Maybe not Dicky Eff-el-ay's Tor-Buff-Chester, but...
 
The Greater Golden Horseshoe is already treated as one planning region by the province. I consists of Toronto and 8 other CMAs: Hamilton, Brantford, St. Catharines-Niagara, Guelph, Kitchener, Peterborough, Oshawa, and Barrie. Plus a bunch of rural areas in between. Statscan might have criteria for consolidated CMAs but I'm not sure.
 
Not that I don't appreciate the conversation happening in this thread, but to get back on point, does anyone feel like updating Toronto's page on Wikipedia with new pictures?
 
I'm a long time contributor to Wikipedia, and a frequent UT reader, and I'd love to see more overlap between the two.
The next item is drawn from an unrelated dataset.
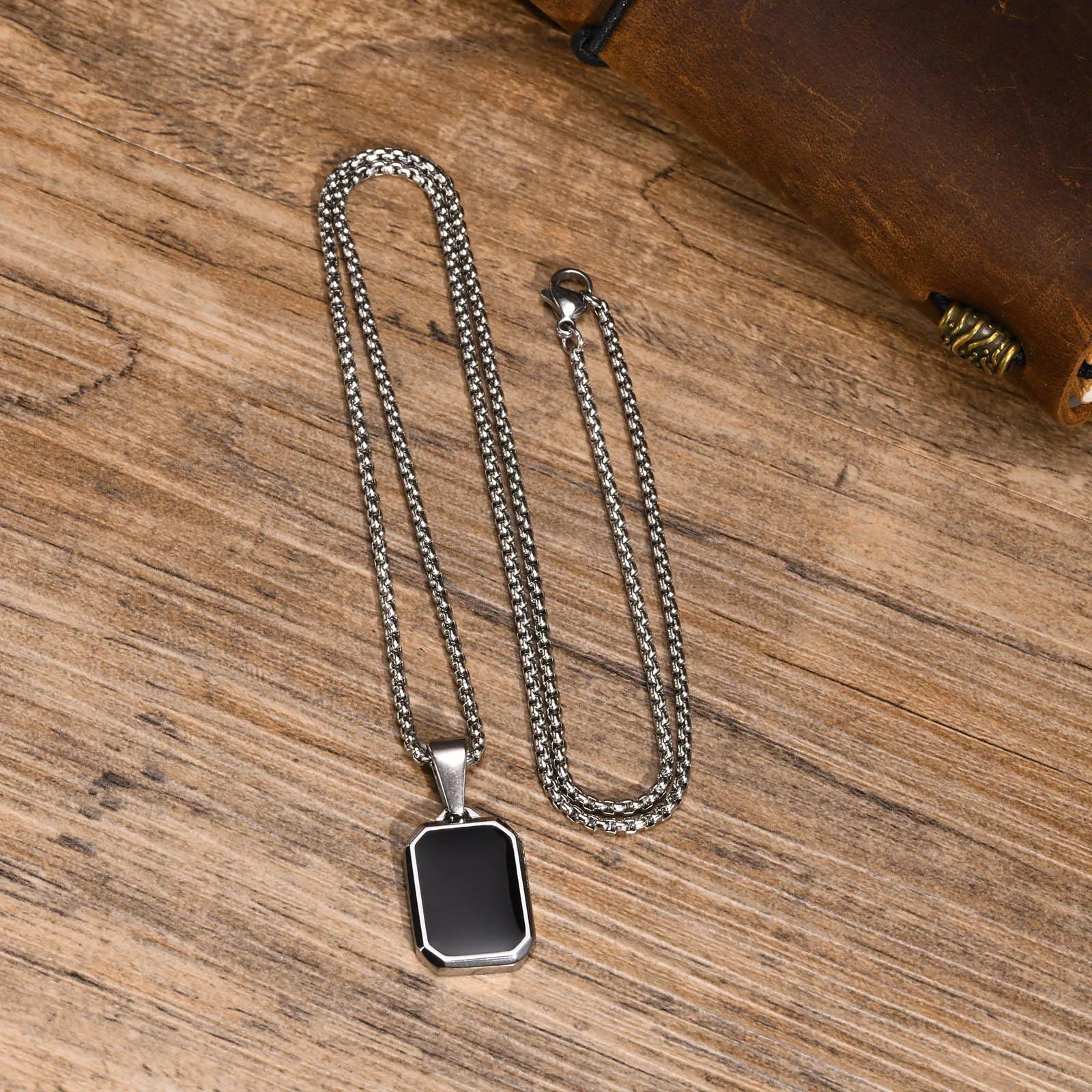 Colar Majestade Onyx: Elegância e Poder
There is a large and active base of Toronto Wikipedians, but experts in buildings and architecture are much in need. One article I've been trying to assemble over the last few months is the Architecture of Toronto page. It's getting better, but it's still missing much of what a detailed overview of the architecture of the city and its history should have.

Photos, which UT has in abundance, are also very much needed. There are many pages with poor or out of date pictures. One that always strikes me is the dull grey image we have for Scotia Plaza. A building like that deserves better.
 
I echo Simon's call. On the photos side, I did post a request some time ago in the City Photos forum asking UT'ers if they would be interested in uploading some of their photos to Wikipedia and its related projects, but didn't get much response. Wikipedia enjoy a lot of traffic (the eighth most visited site on the web), and with hundreds of articles related to Toronto, it is most likely one of the most important sources of information about Toronto available today. It would be great if we could improve the quality of the Toronto-related images that available for use in Wikipedia articles. There are some fantastic images here on UT that deserve a wider circulation than on this forum.

It's easy to upload images to the Toronto category over at Wikimedia Commons (the Commons is the main media repository for Wikipedia, allowing images and other media to be shared among Wikipedia, its multilingual variants and related projects -- once an image is in the Commons, it can be used on any of the Wikipedia sites). Details on contributing your own images are to be found here. The Commons only accepts images that are freely licensed or in the public domain.

The upload page is here.

Thanks.
 
I wouldn't mind contributing some photos. I've never actually edited pages and uploaded photos to Wikipedia, however I could post links to my images that I don't mind sharing. I have a lot of specific building shots, so feel free to request some. For instance, here's a shot for the Scotia Plaza page.



(Click for big)
 
I know there's a lot of people here who are knowledgeable in the city's architecture, and the Architecture of Toronto page could use some work. It needs more detail on older landmarks and better descriptions of contemporary landmarks and major buildings.

It's problematic that there is no mention of Union Station, the Royal York hotel, any churches/cathedrals, the Gooderham building, or College Park in the article. There's a large section called "Rise of the suburbs" yet no mention of Don Mills.

I've added some details myself, but the amount of work needed to make it truly informative and interesting is a indeed large amount.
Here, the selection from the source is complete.